In the case of the 2007 incentive performance units, the performance period covered the three full years 2007, 2008, and 2009, and measured PNC’s earnings per share growth (EPS growth) and return on average common shareholders’ equity (ROCE) performance, each adjusted as defined in the grants, relative to the comparable performance of its peers in each of those three years.

 

The maximum award that the Committee could grant was a percentage of the incentive performance units initially granted (as adjusted for phantom dividends during the performance period). The final maximum payout percentage averaged six separate numbers—our peer group ranking in EPS growth and ROCE for each of the three years in the performance period.

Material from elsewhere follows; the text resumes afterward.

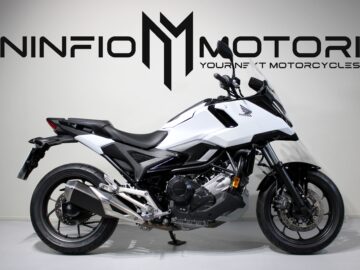 Honda NC 750 X – 2025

In 2007 and 2008, the peer group consisted of 11 companies, including PNC. In 2009, the peer group increased to 13 companies, including PNC. The six metrics averaged as follows:

 

      ROCE   EPS Growth
Performance Year    PNC Rank    Potential Payout
Percentage
  PNC Rank    Potential Payout
Percentage

2007

   #4    142%   #6    109%

2008

   #1    200%   #2    183%

2009

   #1    200%   #5    133%

Potential Payout Percentage: 161.18%

 

After evaluating the performance, the Committee did not believe negative discretion was necessary and awarded the maximum payout permitted for the performance achieved, or 161.18% of the dividend-adjusted target units.

 

With the additional 2007 incentive performance units granted to Mr. Demchak, the performance period for those units also covered the three full years 2007, 2008, and 2009. Rather than EPS growth and relative ROCE, Mr. Demchak’s grant measured the performance of PNC’s Asset and Liability Management unit relative to an internally generated benchmark. In 2007, PNC retained BlackRock Solutions, a third party vendor, to evaluate and validate the construction of this benchmark. This evaluation was reviewed in a joint session of the Committee and the Risk Committee.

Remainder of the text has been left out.